Only one stretch of the listing below is wanted. Begin at the line that has "Airbus A330-300 (N818NW)", stop after the line that has "2008 Ford F-250", and repeat every line in between exactly.

====== Records for this exercise

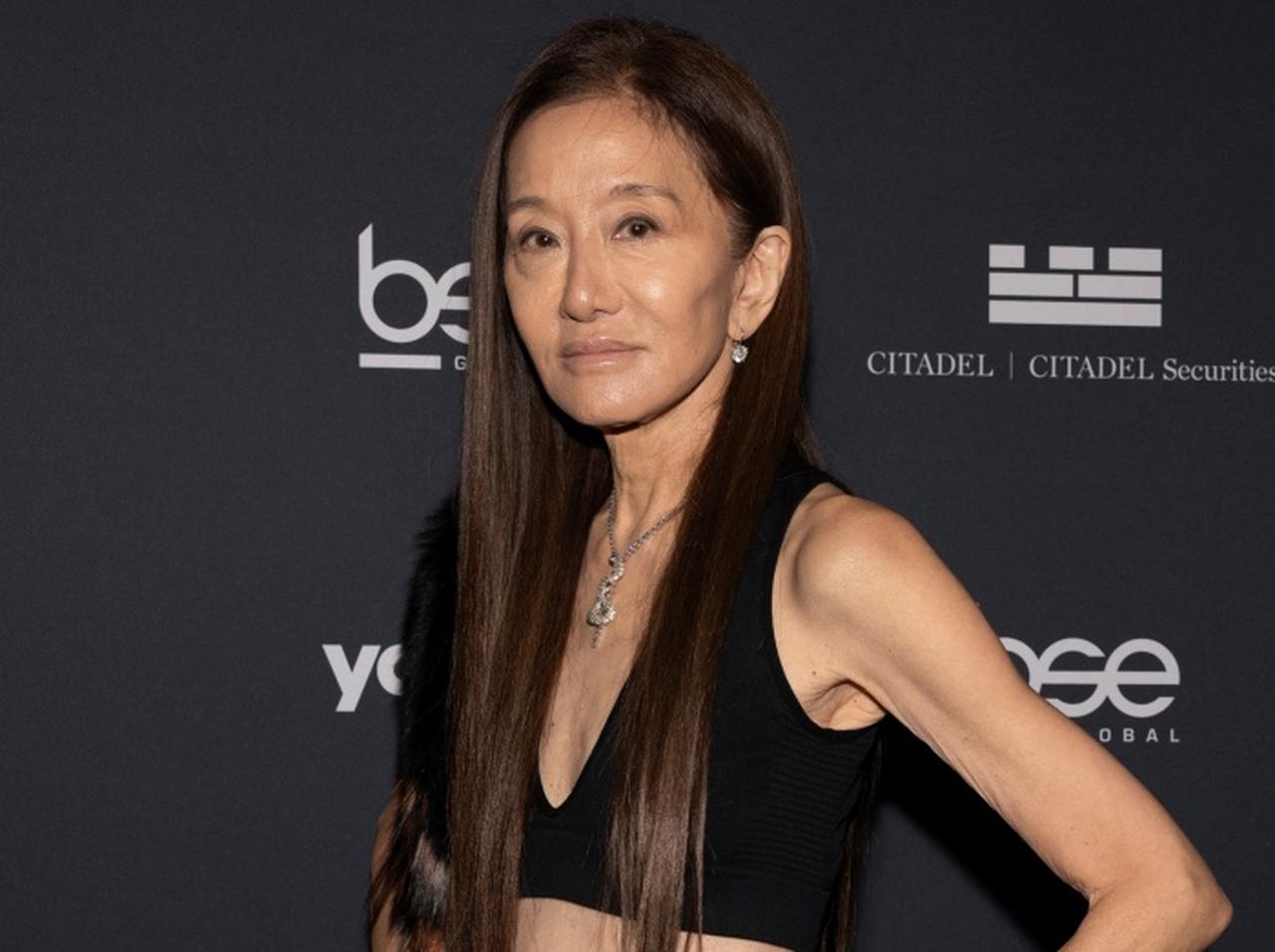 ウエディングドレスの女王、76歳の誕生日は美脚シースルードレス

============
====== Records for this exercise

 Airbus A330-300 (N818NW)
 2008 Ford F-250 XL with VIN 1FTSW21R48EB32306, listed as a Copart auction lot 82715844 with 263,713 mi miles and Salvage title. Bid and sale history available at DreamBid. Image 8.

============

Exercise output —
 Airbus A330-300 (N818NW)
 2008 Ford F-250 XL with VIN 1FTSW21R48EB32306, listed as a Copart auction lot 82715844 with 263,713 mi miles and Salvage title. Bid and sale history available at DreamBid. Image 8.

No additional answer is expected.